PROBLEM STATEMENT: Below are some records. Quote exactly the lines from the one that contains "Juniperus squamata Blue" through the last, both included, and leave out the pictures.

+++ GIVEN INFORMATION

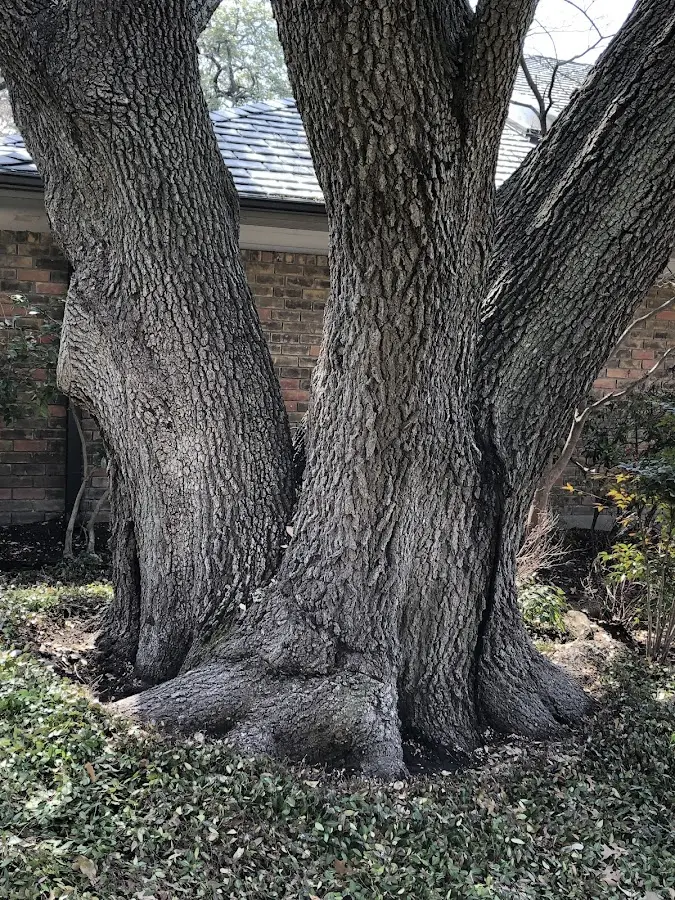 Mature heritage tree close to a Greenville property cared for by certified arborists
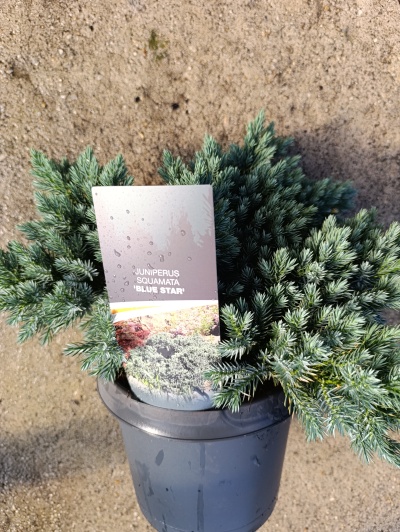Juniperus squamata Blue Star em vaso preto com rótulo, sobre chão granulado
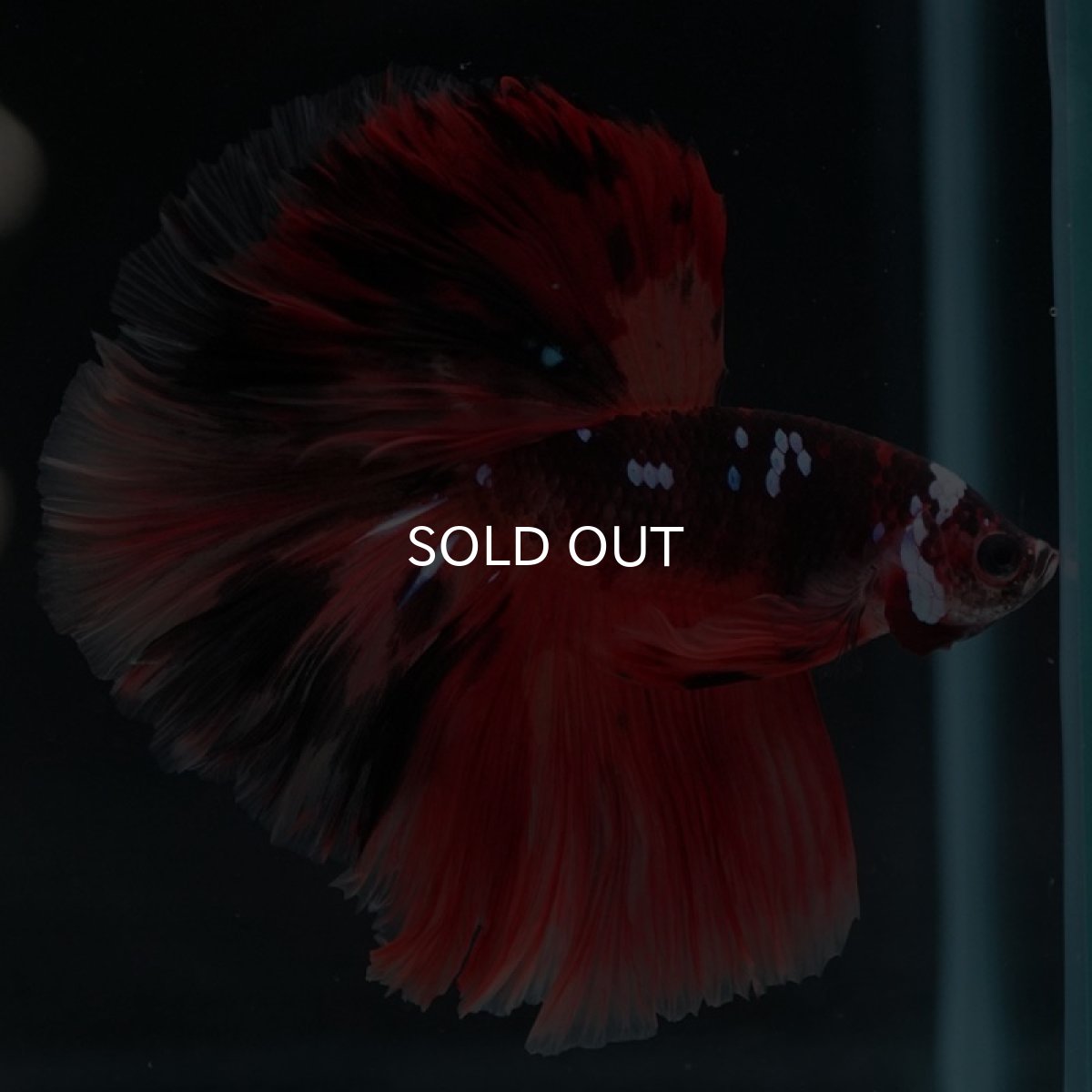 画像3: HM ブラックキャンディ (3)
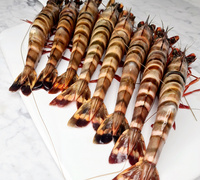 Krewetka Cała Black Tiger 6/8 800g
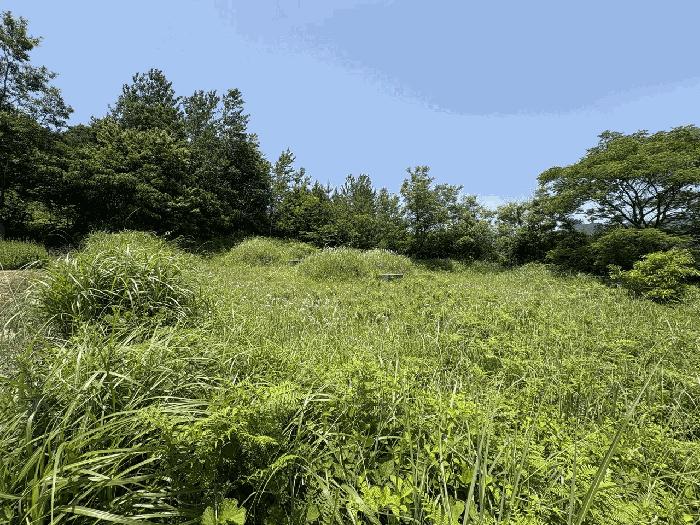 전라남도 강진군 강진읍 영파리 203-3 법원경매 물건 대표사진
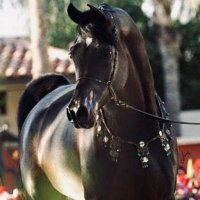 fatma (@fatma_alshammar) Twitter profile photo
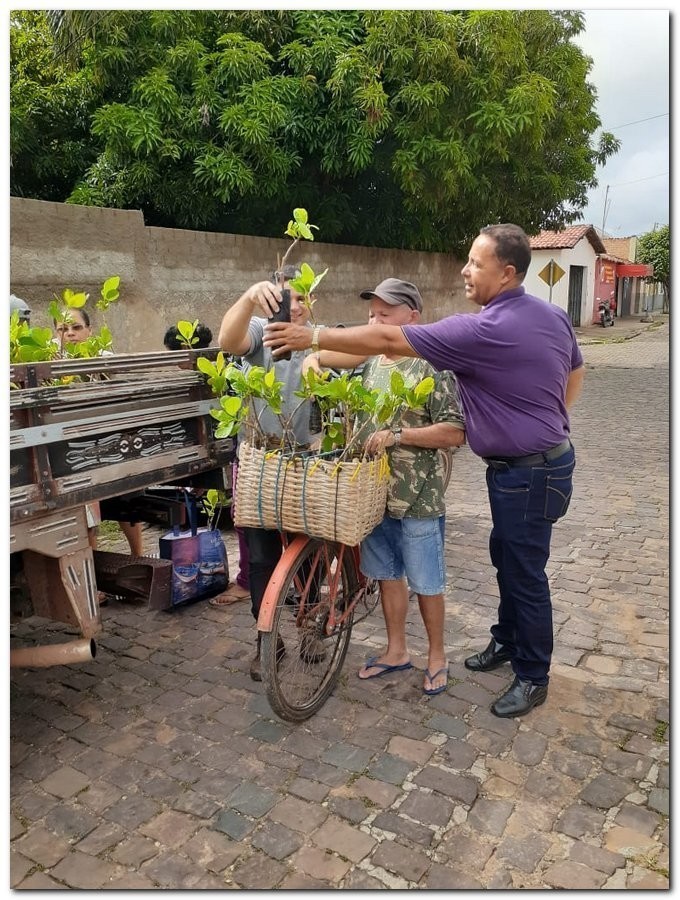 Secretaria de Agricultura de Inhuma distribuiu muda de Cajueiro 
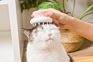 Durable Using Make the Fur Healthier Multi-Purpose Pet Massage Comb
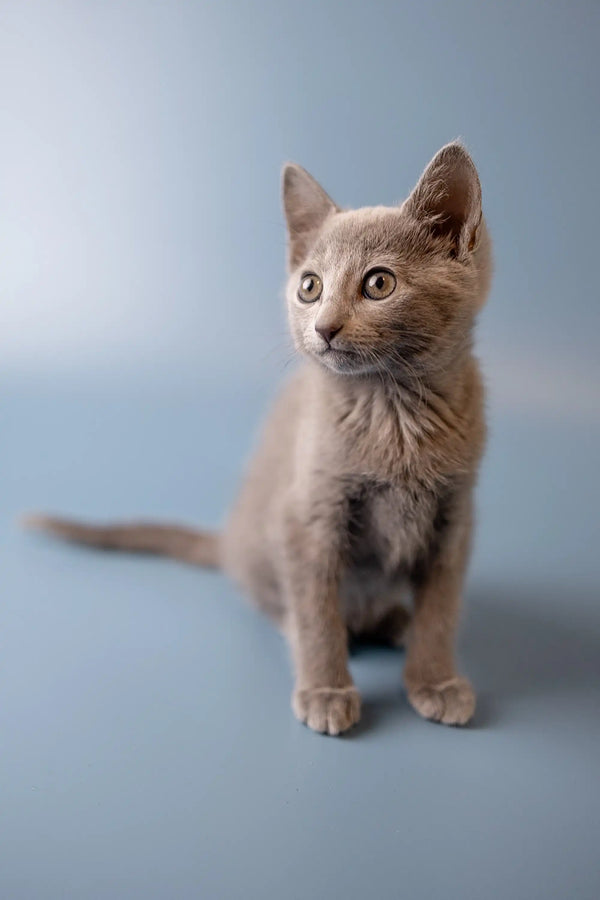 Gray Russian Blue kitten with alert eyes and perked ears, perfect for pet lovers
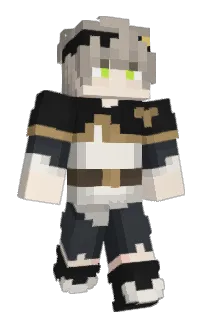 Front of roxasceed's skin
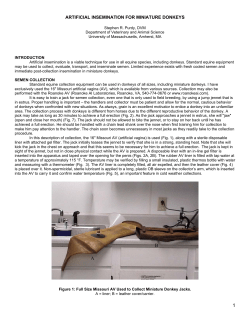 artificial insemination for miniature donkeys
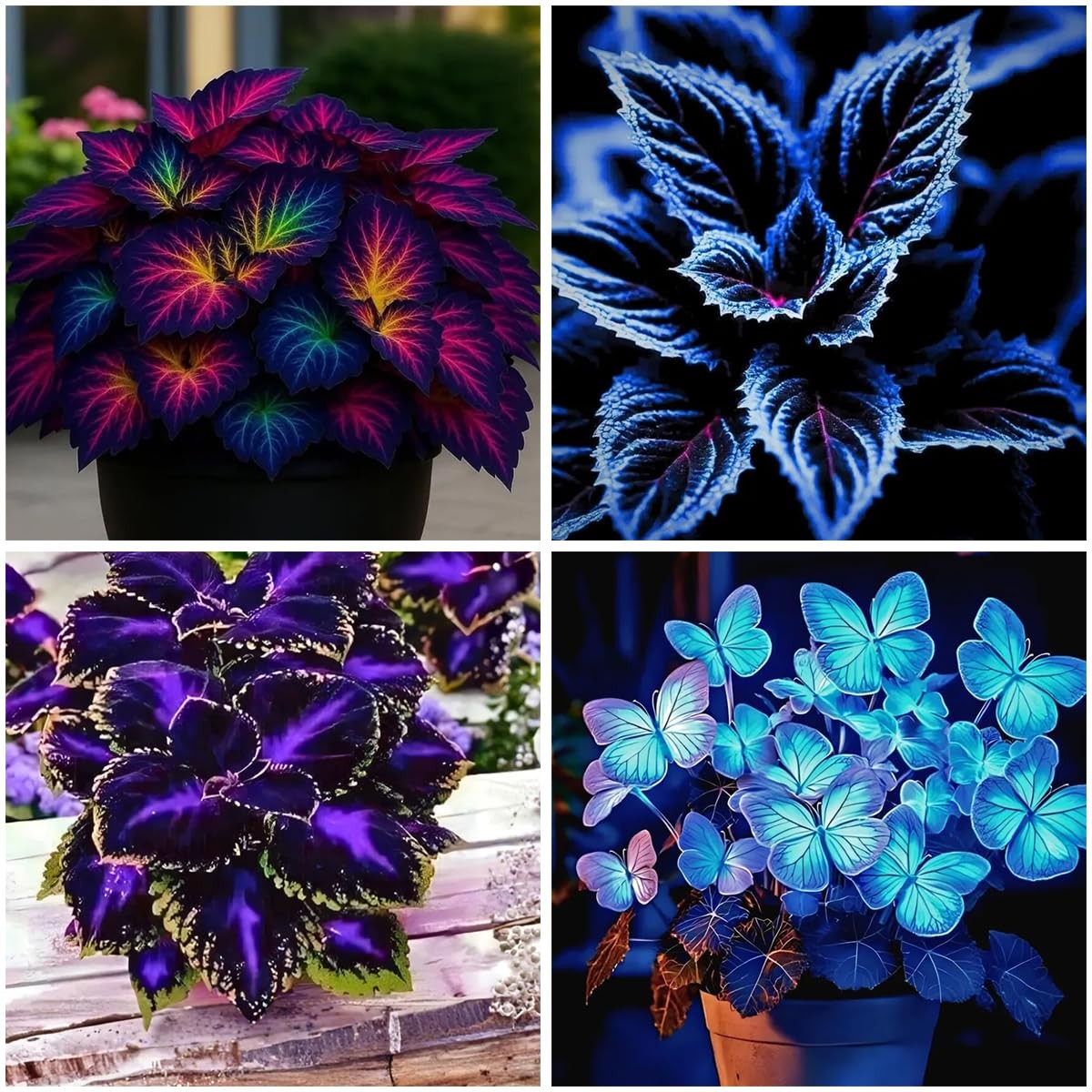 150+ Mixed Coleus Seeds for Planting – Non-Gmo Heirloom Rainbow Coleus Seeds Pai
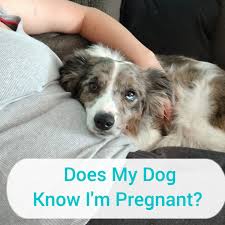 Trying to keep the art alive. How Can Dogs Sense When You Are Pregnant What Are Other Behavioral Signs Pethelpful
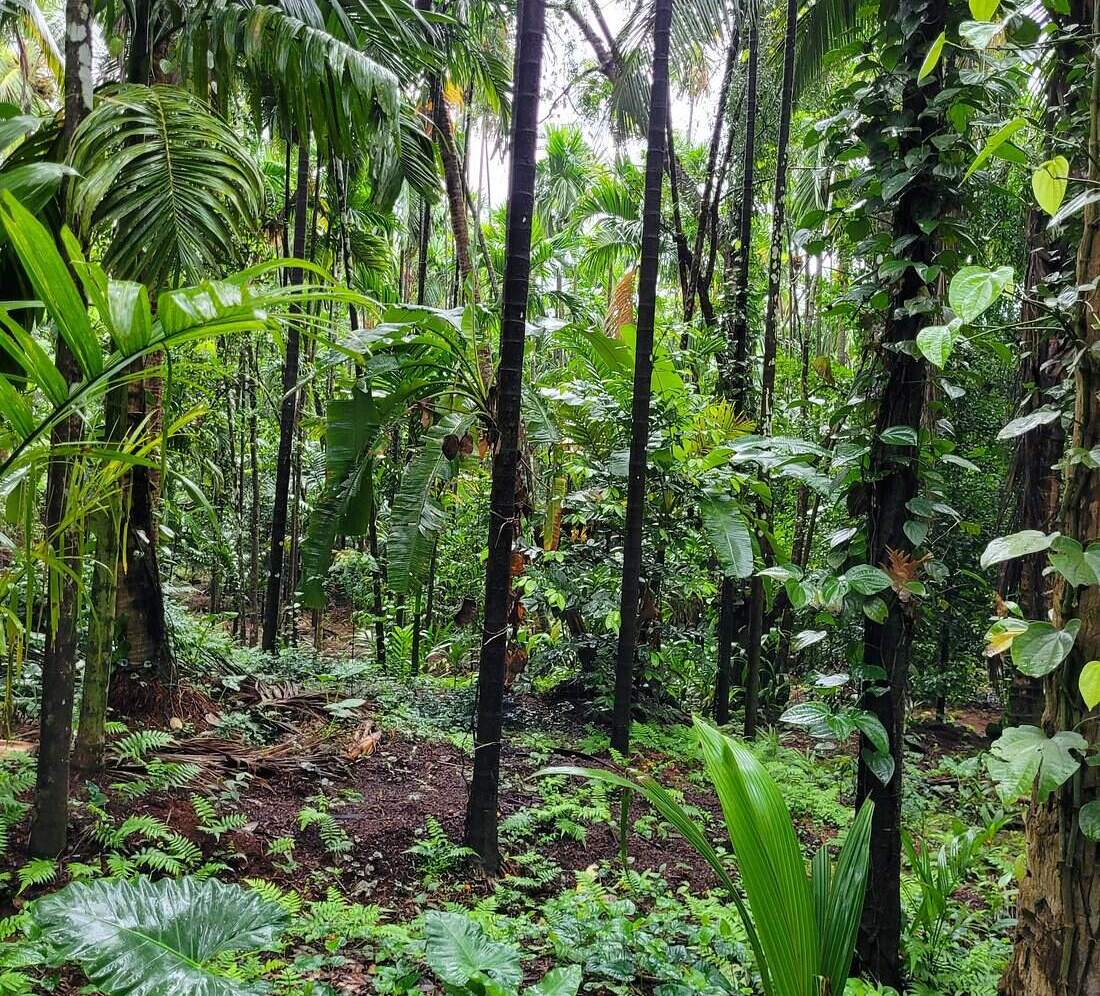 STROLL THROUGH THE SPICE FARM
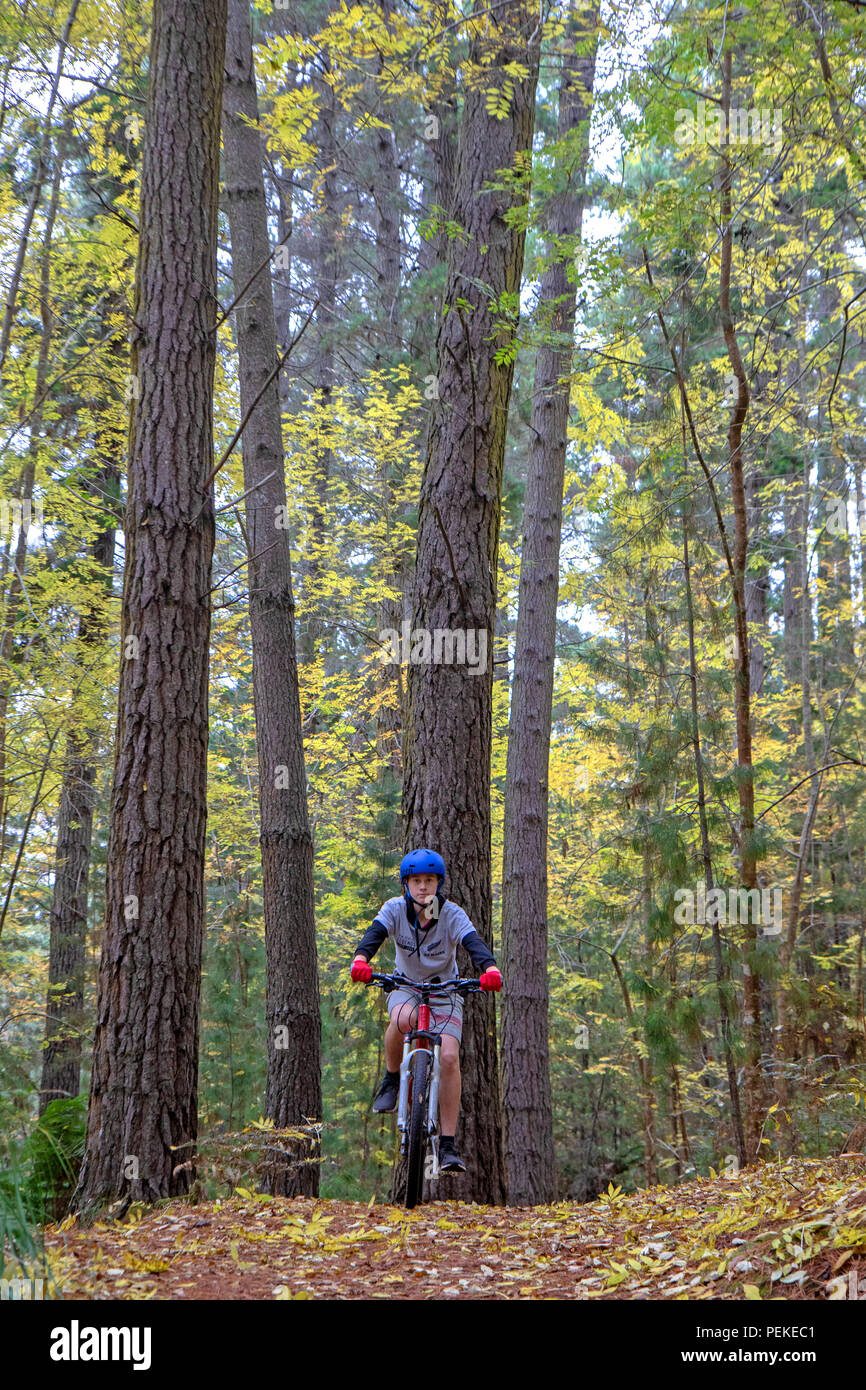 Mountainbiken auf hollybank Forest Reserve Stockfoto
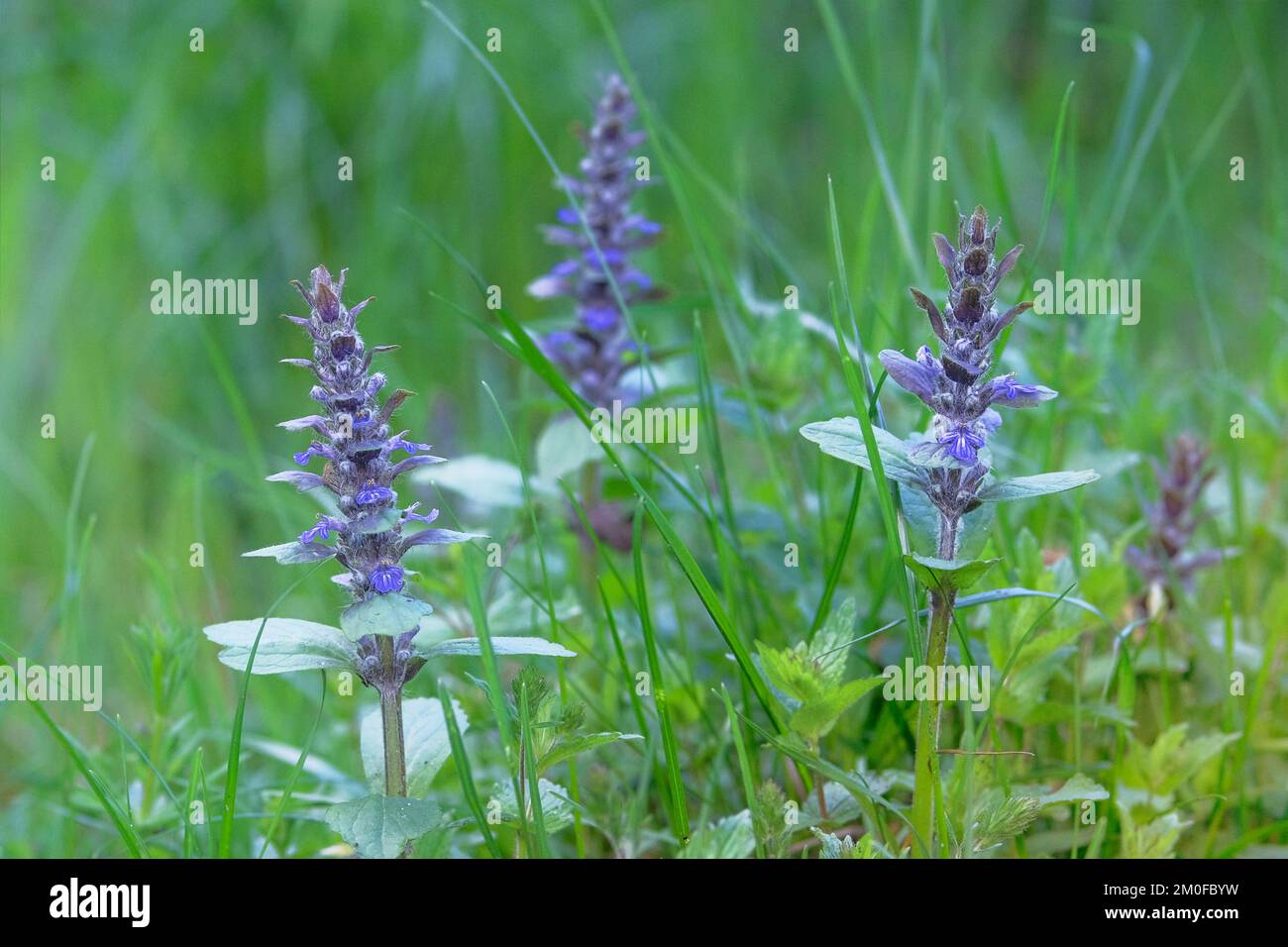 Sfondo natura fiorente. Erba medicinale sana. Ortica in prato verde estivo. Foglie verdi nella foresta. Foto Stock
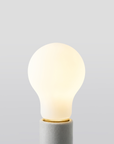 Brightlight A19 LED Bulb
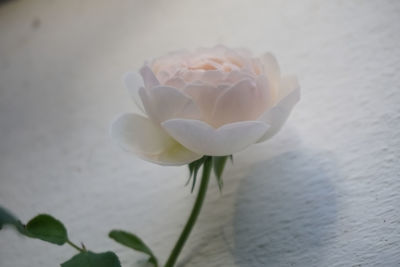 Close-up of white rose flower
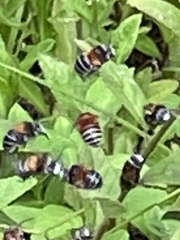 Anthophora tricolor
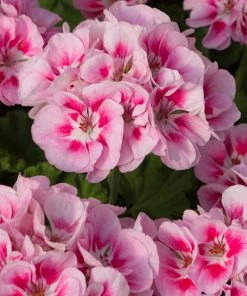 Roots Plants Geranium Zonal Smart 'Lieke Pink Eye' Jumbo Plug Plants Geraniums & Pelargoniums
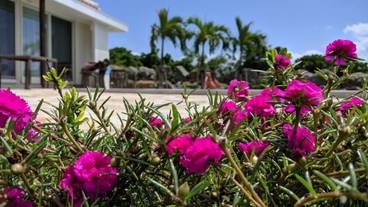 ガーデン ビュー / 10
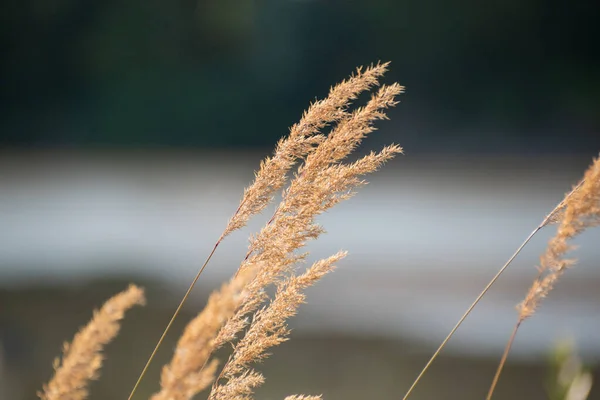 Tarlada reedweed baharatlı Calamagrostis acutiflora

++++++

ANSWER AREA:
Juniperus squamata Blue Star em vaso preto com rótulo, sobre chão granulado
 画像3: HM ブラックキャンディ (3)
 Krewetka Cała Black Tiger 6/8 800g
 전라남도 강진군 강진읍 영파리 203-3 법원경매 물건 대표사진
 fatma (@fatma_alshammar) Twitter profile photo
 Secretaria de Agricultura de Inhuma distribuiu muda de Cajueiro 
 Durable Using Make the Fur Healthier Multi-Purpose Pet Massage Comb
 Gray Russian Blue kitten with alert eyes and perked ears, perfect for pet lovers
 Front of roxasceed's skin
 artificial insemination for miniature donkeys
 150+ Mixed Coleus Seeds for Planting – Non-Gmo Heirloom Rainbow Coleus Seeds Pai
 Trying to keep the art alive. How Can Dogs Sense When You Are Pregnant What Are Other Behavioral Signs Pethelpful
 STROLL THROUGH THE SPICE FARM
 Mountainbiken auf hollybank Forest Reserve Stockfoto
 Sfondo natura fiorente. Erba medicinale sana. Ortica in prato verde estivo. Foglie verdi nella foresta. Foto Stock
 Brightlight A19 LED Bulb
 Close-up of white rose flower
 Anthophora tricolor
 Roots Plants Geranium Zonal Smart 'Lieke Pink Eye' Jumbo Plug Plants Geraniums & Pelargoniums
 ガーデン ビュー / 10
 Tarlada reedweed baharatlı Calamagrostis acutiflora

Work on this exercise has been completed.